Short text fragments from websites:
-------

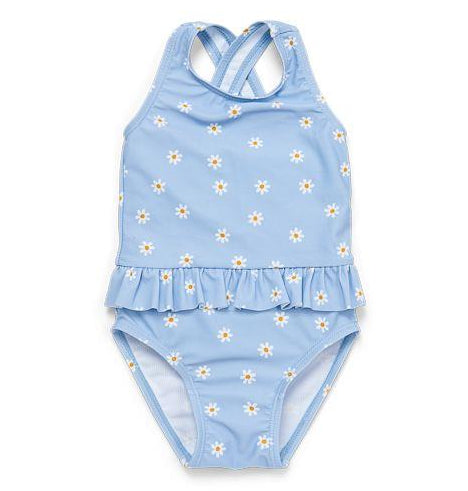 Little Dutch - Swim - Badpak volants Daisies Blue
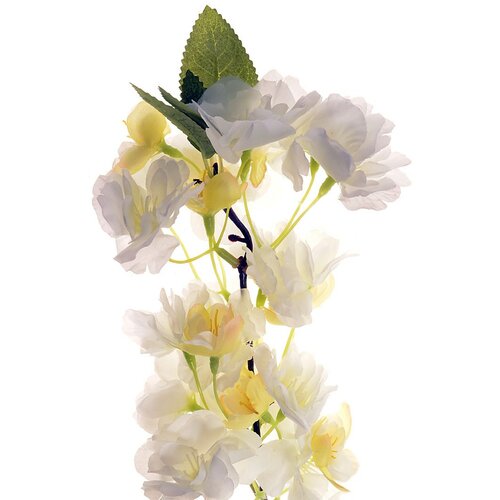 Mű virágzó ág, fehér, 100 cm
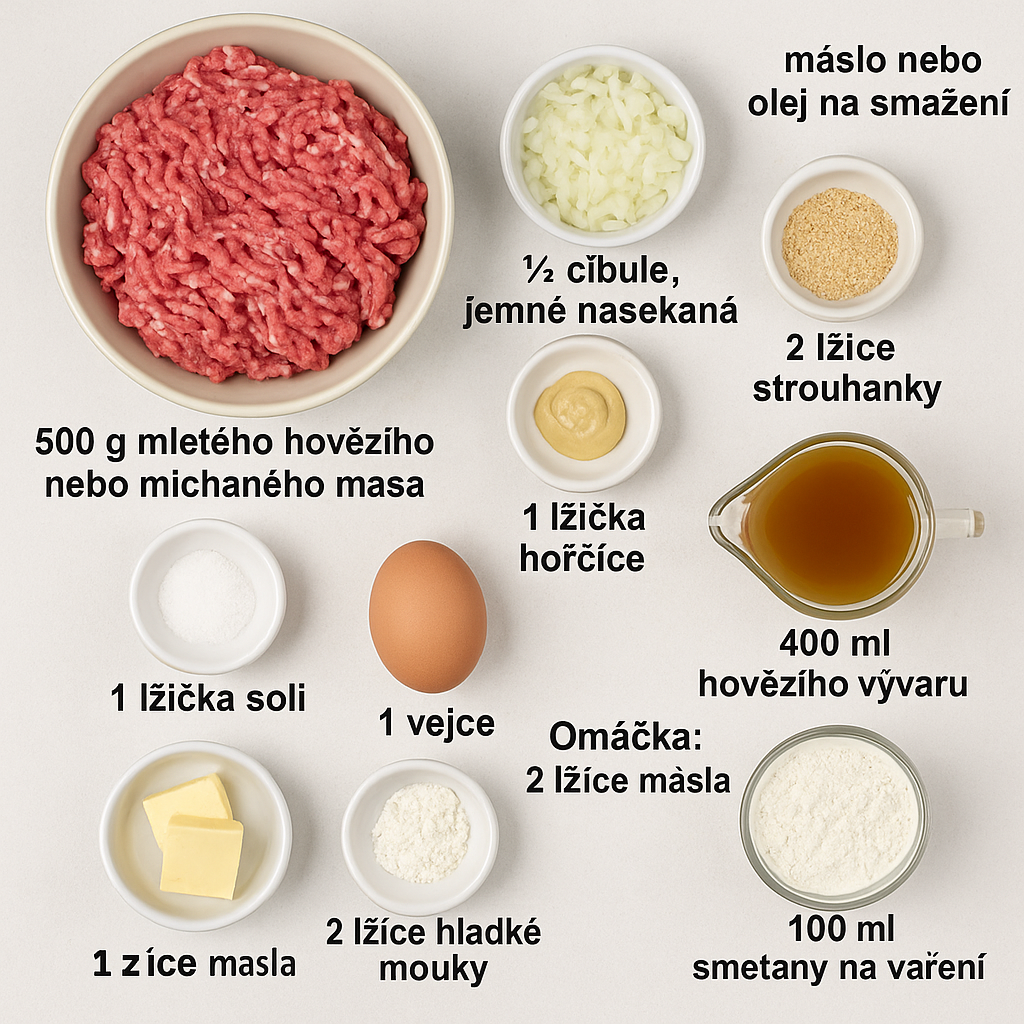 Ingredients pour boulettes suedoises 1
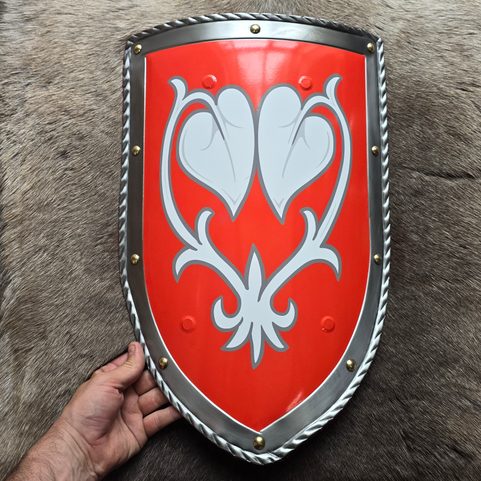 SEIGNEURS DE TALMBERG - ARMOIRIES, BOUCLIER MÉDIÉVAL - MÉTAL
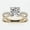 Yellow, variant on Split Shank Ring 18K White Gold Plated over Silver 1.78 Ct Cushion Cut Moissanite Engagement Ring for Women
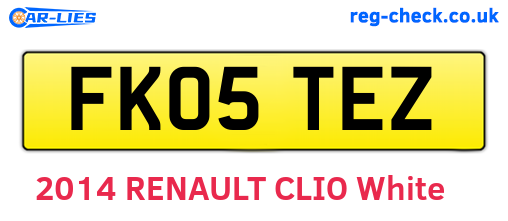 FK05TEZ are the vehicle registration plates.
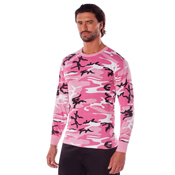 Mens Long Sleeve Camo T-Shirt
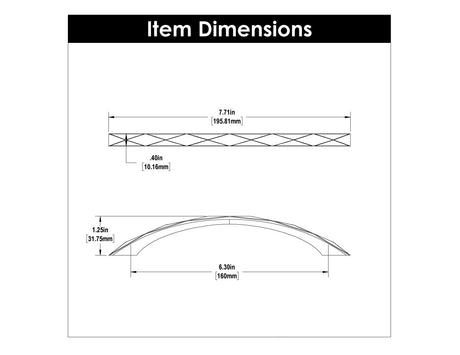 Cabinet Pull 6 - 5/16 Inch (160mm) Center to Center - Hickory Hardware - BUILDMYPLACE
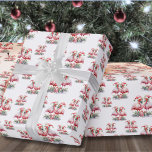 Beach Christmas Wrapping Paper<br><div class="desc">Celebrate the holidays with a bit of surf and sand with this festive wrapping paper featuring two pink flamingos with presents at their feet and wearing Santa hats. Wish your loved ones a happy holiday season in beachy style. Whether you live in a beach or tropical location like Florida, Hawaii,...</div>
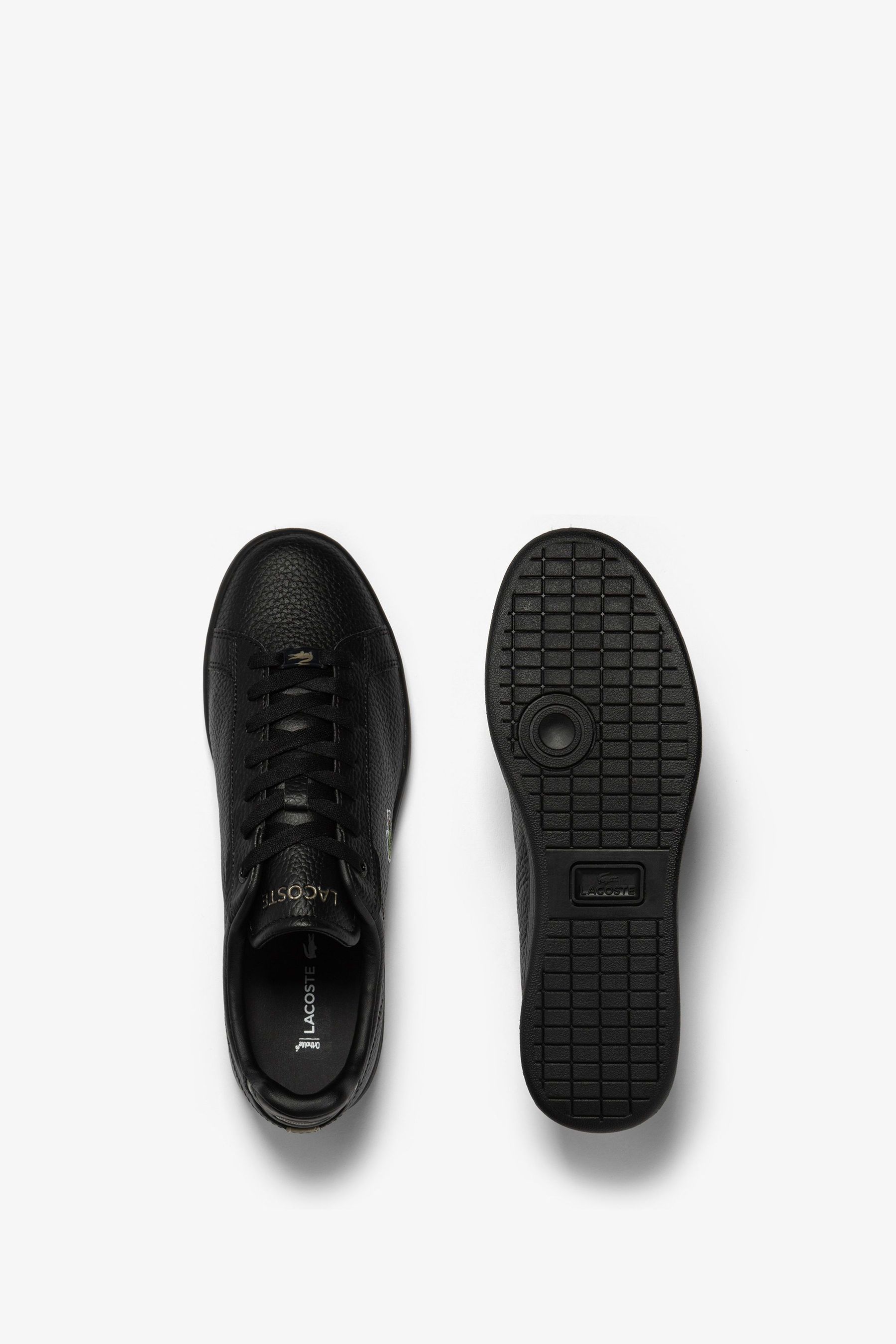 Buy Lacoste Mens Carnaby Pro Black Trainers from Next Luxembourg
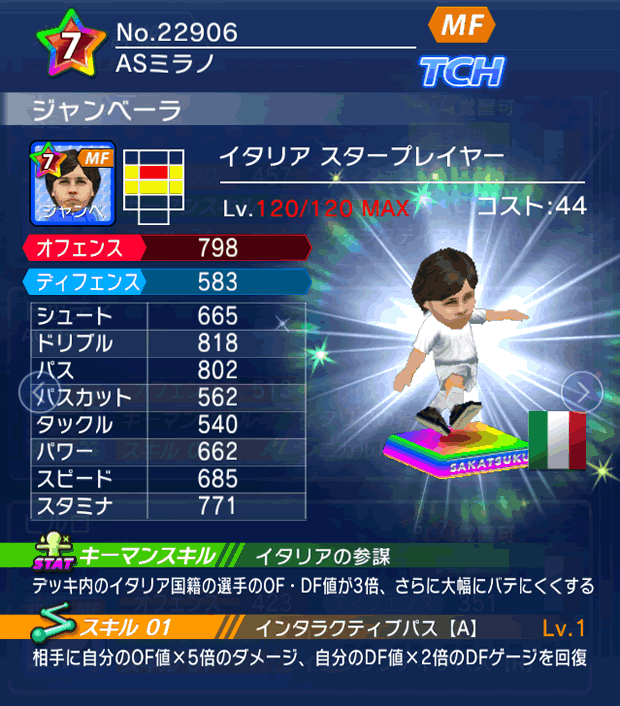 No.22906　ジャンベーラ【IT・ST】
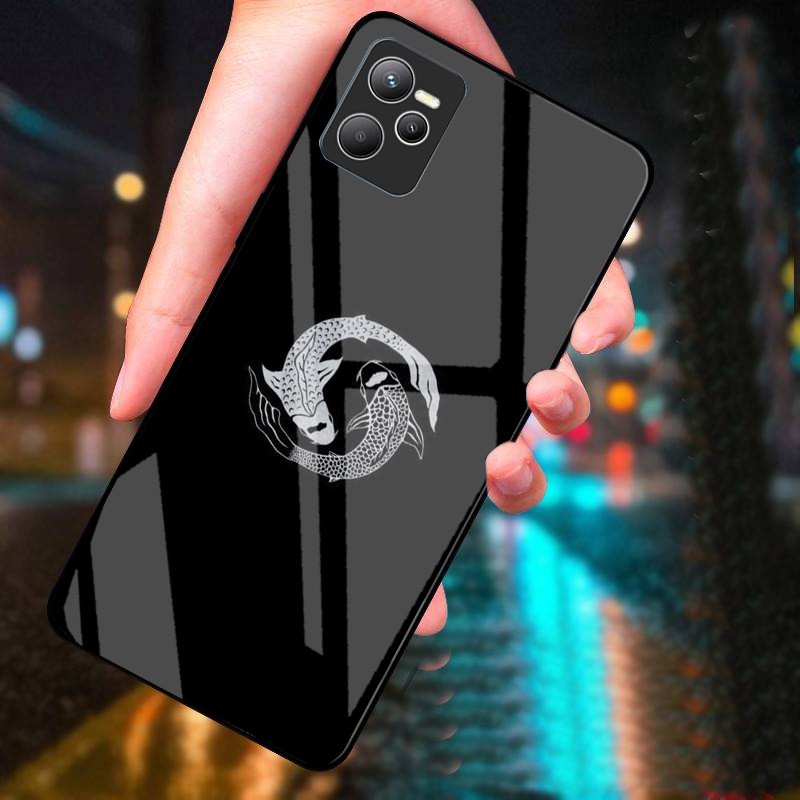 Ốp Lưng REALME C35, Narzo 50A Prime mặt kính cường lực cao cấp thiết kế riêng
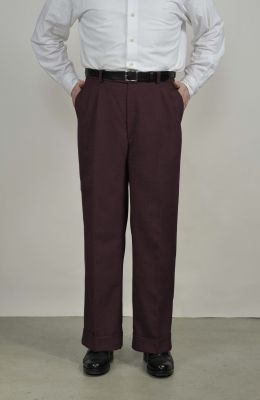 Bundfaltenhose Modell Hepcat 47, Typ 3 Dunkelbraun.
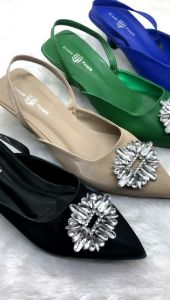 Sera Dream People Shoes Sepatu Wanita Sling Back Hak Stileto Tinggi 5cm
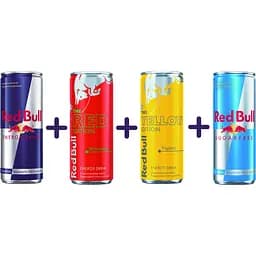 Упаковка энергетического напитка Red Bull 4 x 250 мл в ассортименте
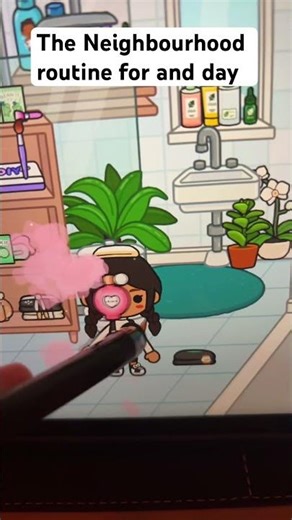 The neighbor ￼￼￼ routine for night and day ￼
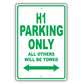 Hummer H1 Parking Only All Others Will Be Towed Aluminum Decor Garage Sign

-------

§ Task directions: Make an exact copy of the lines above, beginning with the line with "Beach Christmas Wrapping" and ending with the line with "No.22906　ジャンベーラ【IT・ST】", and keep the pictures out of it.

§ Task response:
 Beach Christmas Wrapping Paper<br><div class="desc">Celebrate the holidays with a bit of surf and sand with this festive wrapping paper featuring two pink flamingos with presents at their feet and wearing Santa hats. Wish your loved ones a happy holiday season in beachy style. Whether you live in a beach or tropical location like Florida, Hawaii,...</div>
 Buy Lacoste Mens Carnaby Pro Black Trainers from Next Luxembourg
 No.22906　ジャンベーラ【IT・ST】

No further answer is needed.